HABER MERKEZİ – Direnenler fiziki ölümden çekinmediler. Beyin ölümünü yaşamaktansa, direnerek şehitliğe ermek onur dediler. Kürdistan’da yaşam, ancak direnmekle olur.
Ölüm kimine göre zamansız, kimine göre de hakikate ulaşmış bir ömrün toplamıdır. Bu kavramı belirleyen iki hece (ö-lüm) olsada, kuramını belirleyen İnsanın anlam arayışı veya diğer adıyla kendini bulma mücadelesinde yaşama atfettiği kutsallıktır. Şimdi hakikat bilincimizin altında yatan Ölüm nedir? Ölümü sadece ruhun maddi dünyadan ayrılmasıyla ele alabilir miyiz.? Eğer böyle ele alınacaksa yaşayan toplumsal ölüler dünyasına ne diyeceğiz.
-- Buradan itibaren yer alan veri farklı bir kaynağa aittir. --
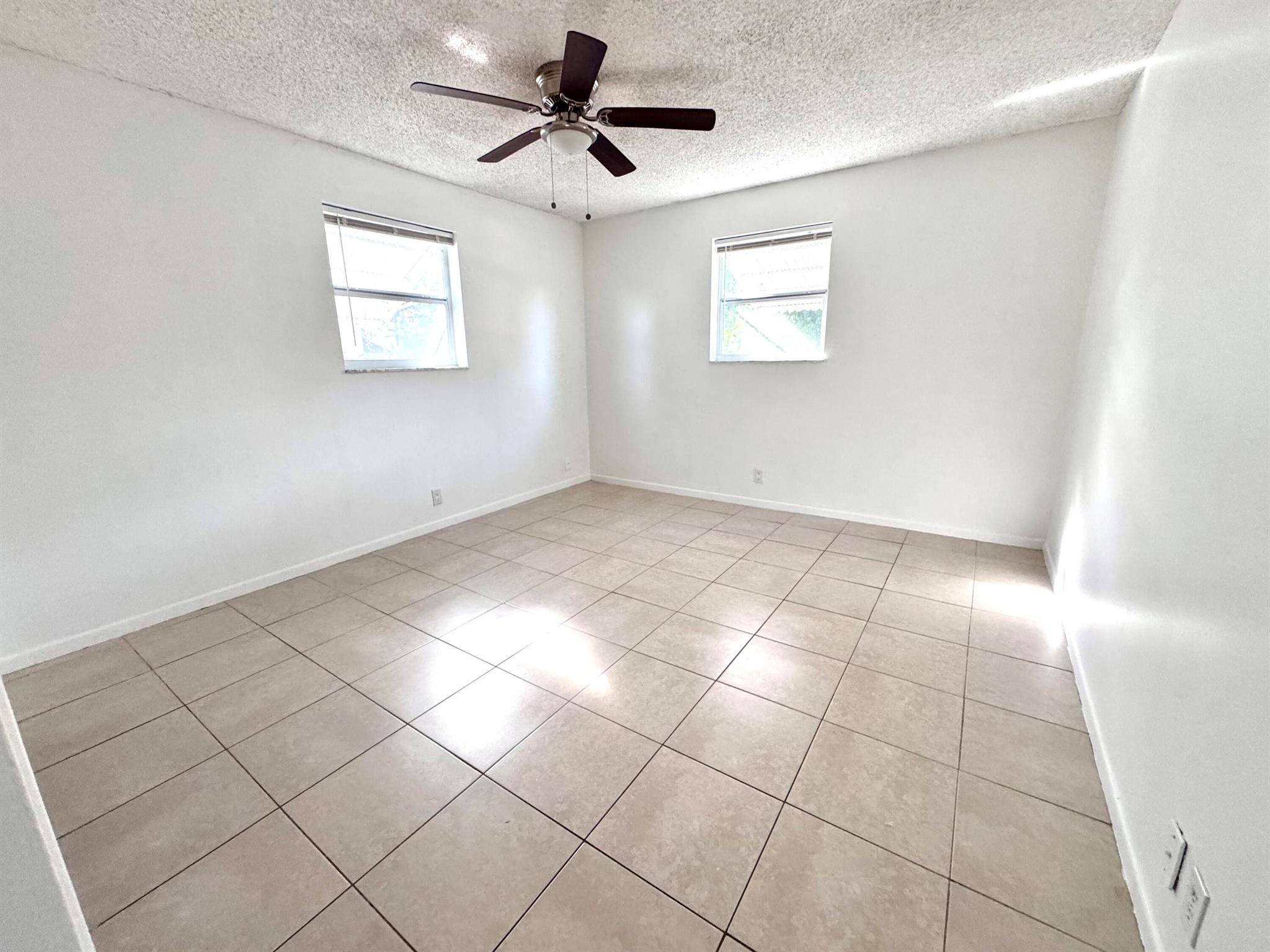 LAKEWOOD GARDENS PLAT NO - Residential Lease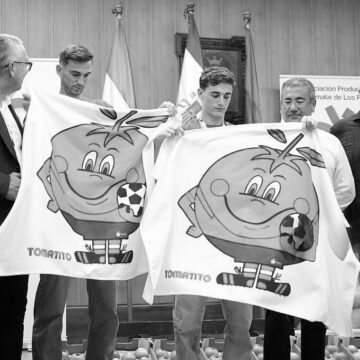 F2 ფაბიან რუისი და გავი პომიროს ჭამენ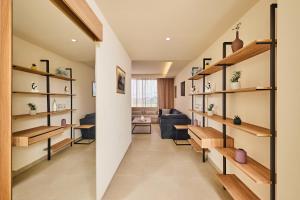 Et opholdsområde på Hotel Saint Georges Beirut + 40 billeder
Kavram olarak fiziki ölüm, hücrelerin bedenden ayrışmasıyla gerçekleşiyor, fakat kendi toplumsal hakikatinden kopuşta diğer bir ölümü ifade ediyor. Ölümün iki çeşide tekabül etmesi bundan dolayıdır. Fakat farkındalığın açığa çıkardığı toplumsal hakikat ise, biri anlam yitimini, diğeri ise anlamın yaşamsallığını ifade ediyor. Biri maddi ve manevi yaşamı gelecek için vaad ediyor, diğeri madde ve manevi yaşamın ölümünü gerçekleştiriyor. Mesela Gözünü kırpmadan dar ağacına çıkan Seid Rıza “Ben sizin hilelerinizle baş edemedim. Bu bana dert oldu. Bende sizin önünüze diz çökmedim. Bu da size der olsun” belirlemesi, ölümü anlamlı ve onurlu kılan felsefik bir arayışın açığa çıkardığı toplumsal bir hakikattir. Aslında insana direnç ve irade azmi kazandıran da bu hakikattir. Bu hakikata ters düşmek, kendi celladı karşısında diz çöküp eyvallah etmek, ölümün ve onursuzluğun bir diğer adıdır. Kimileri bu yaşam dışındaki bir yaşama yaşamak diyebilir. Maddi yaşamın arzu ve isteklerini bunun üzerinden tatmin edebilir. Fakat şereflice bir ölümün bile yaşamın en onurlu ifadesi olduğu, Kürt halk gerçeğinde defalarca kanıtlanmış, vazgeçilmez bir hakikata dönüşmüştür.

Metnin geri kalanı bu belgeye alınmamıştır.